Per lavorare in maniera redditizia con le Buckfast è obbligatorio avere solo le figlie delle riproduttrici selezionate; nell’azienda dove ho lavorato, erano regine vergini Buckfast fecondate in un’isola del mar del nord. Queste madri davano alla luce vergini pure, che mantenevano le caratteristiche anche dopo fecondazioni incontrollate, ma solo la prima volta. Quindi è obbligatorio allestire un paio di stazioni di fecondazione per le F1 da miele.

In azienda si usavano i nuclei di fecondazione mini plus che se sovrapposti possono essere invernati per poi farli crescere di nuovo in primavera ed allestire nuovamente le stazioni di fecondazione.

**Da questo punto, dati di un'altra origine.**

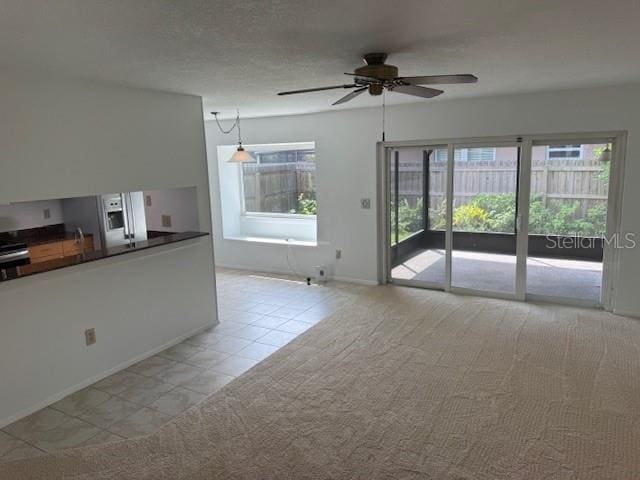 1922 Blue Sage Ct, Brandon, FL 33511 - unfurnished living room featuring a ceiling fan, light tile patterned floors, and light carpet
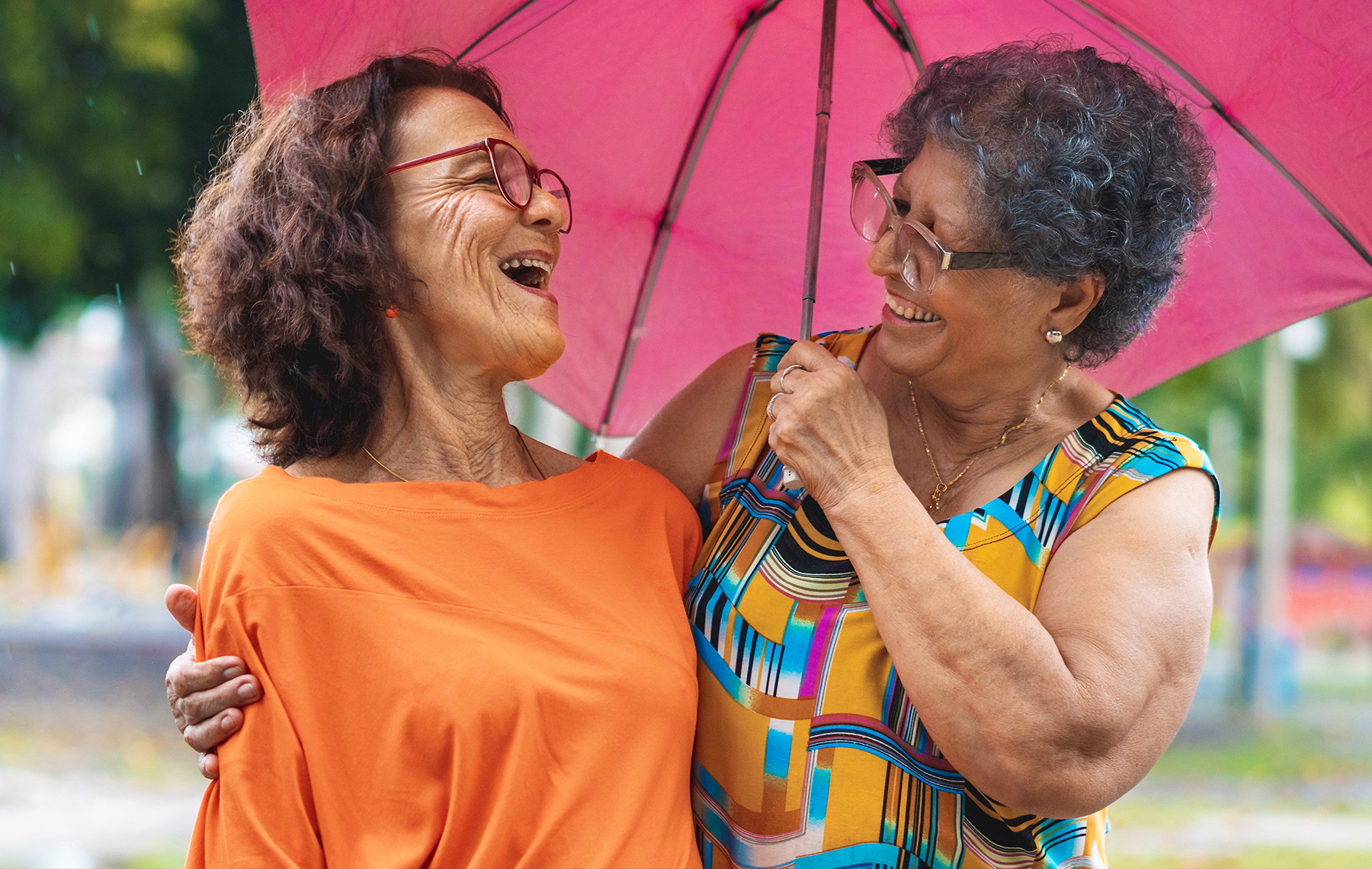Two senior friends connect outside.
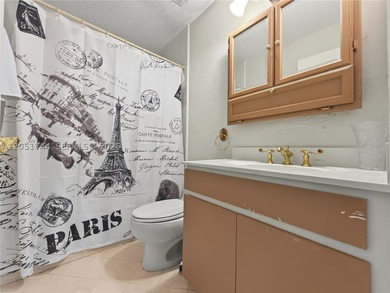 Tucked behind a private, palm-lined entrance in sought-after - photo 27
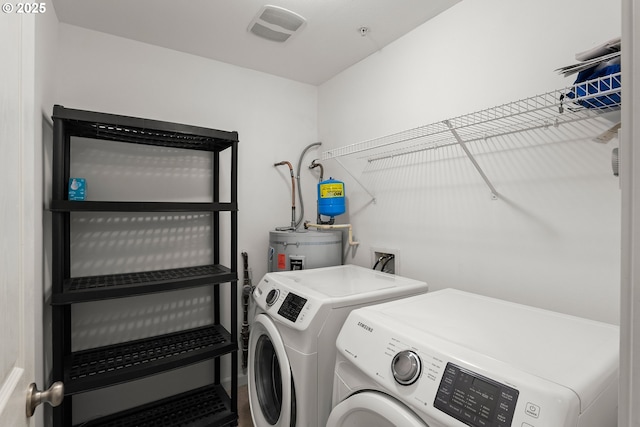 645 NW Falling Waters Ln Unit 303, Portland, OR 97229 - washroom with secured water heater, visible vents, laundry area, and washer and clothes dryer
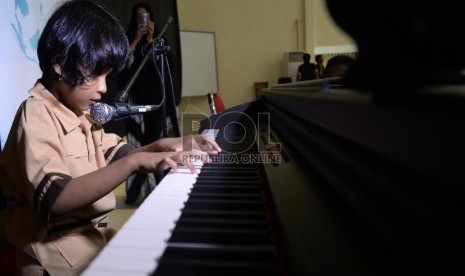 Alafta Hirzi Sadiq (7 tahun) Siswa disabilitas bermain piano sambil bernyanyi di SLB A Pembina, Lebak bulus, Jakarta, Rabu (2/12). 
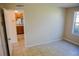 Bedroom featuring tile flooring and a view into the kitchen with wooden cabinets at 524 Georgetown Dr # A, Casselberry, FL 32707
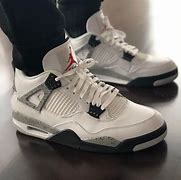 Image result for Jordan 4 White Cement On Feet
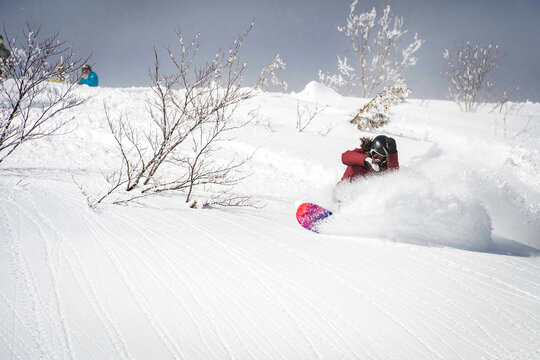 A Snowboarder Sandra Hillen Riding Through Powder In The Japanese Alps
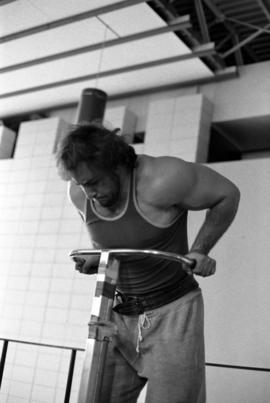 Paul Ellering lifts weights, St. Cloud State University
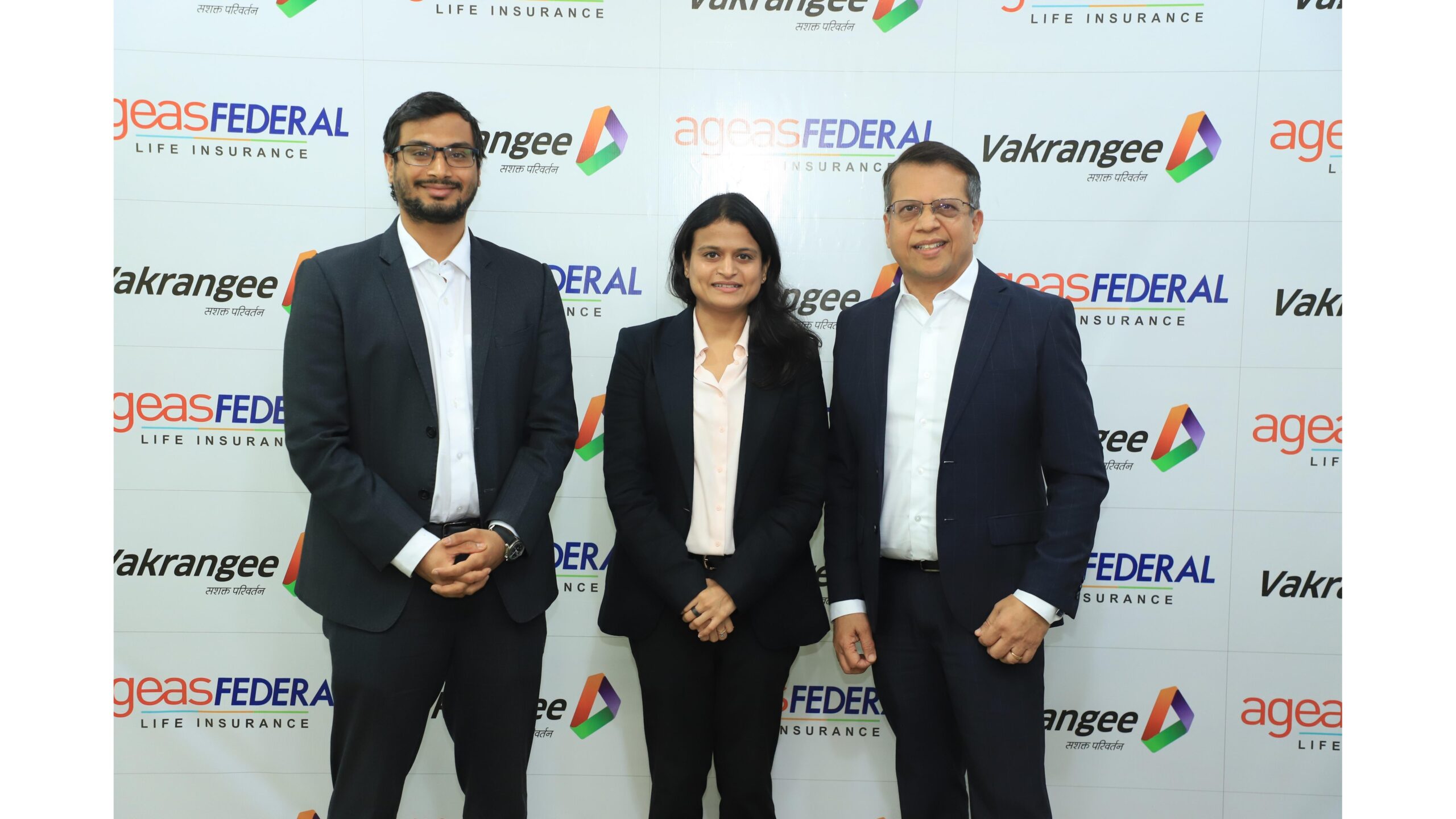 Vedant NandwanaManaging Director Vakrangee Ltd Divya Nandwana Executive Chairperson Vakrangee Ltd and Jude Gomes MD CEO Ageas Federal Life Insurance at the partnership signing 1 scaled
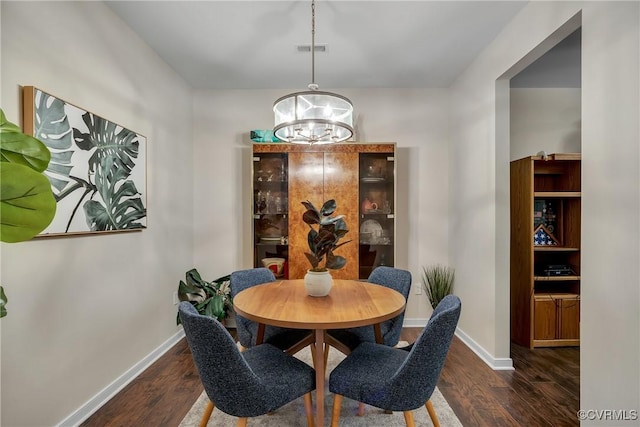 4613 Milfax Rd, Chesterfield, VA 23224 - dining area featuring a chandelier and dark wood finished floors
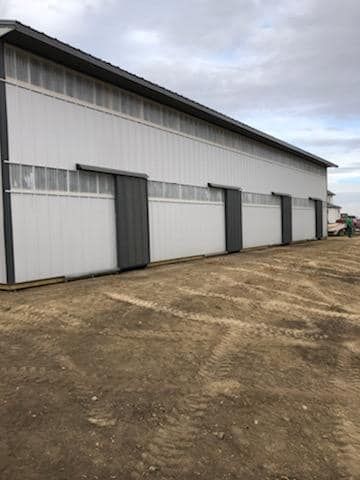 A large white building with sliding doors is sitting on top of a dirt field.
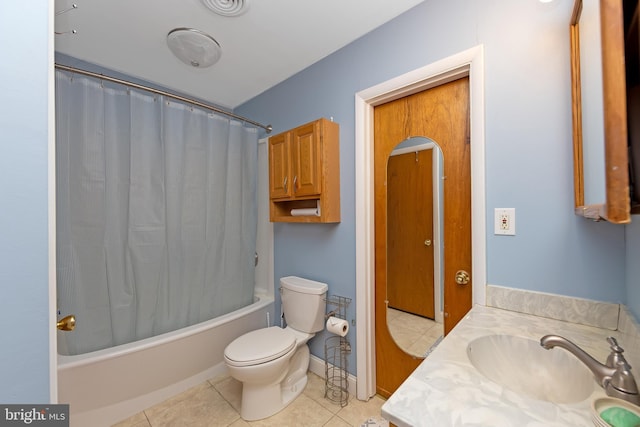 full bathroom with shower / tub combo with curtain, tile patterned floors, toilet, and vanity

Per allevare celle reali bstazione_di_fecondazioneisognava utilizzare 40 alveari con api di razza Carnica per allestire gli starter in quanto la Buckfast è una pessima babysitter. È un’ape selezionata solo per la raccolta di nettare e quindi sconsigliatissima per un’azienda apistica a 360 gradi.

Il traslarvo delle larve venivano fatti dagli alveari madre e avevamo praticamente due linee, la classica Buckfast con regina scura e una linea chiara, esteticamente uguale alla Ligustica. Si capiva che era un ibrido solo osservando le operaie.

Sconsiglio l’uso di questo ibrido a tutti gli apicoltori italiani perché è un’ape che necessita di troppi interventi e ore di lavoro e oltretutto minaccia gravemente il nostro patrimonio genetico. Non potremo mai produrre in Italia ibridi Buckfast da esportare qualitativamente superiori a quelli dei breeders esteri e le produzioni italiane cambierebbero di poco se non di nulla perché per avere il massimo da questi incroci bisogna avere fioriture potenti con estensioni realizzabili solo nei paesi dediti alla monocoltura totale, dove si può guidare per un paio d’ore e vedere solo fioriture di una sola pianta.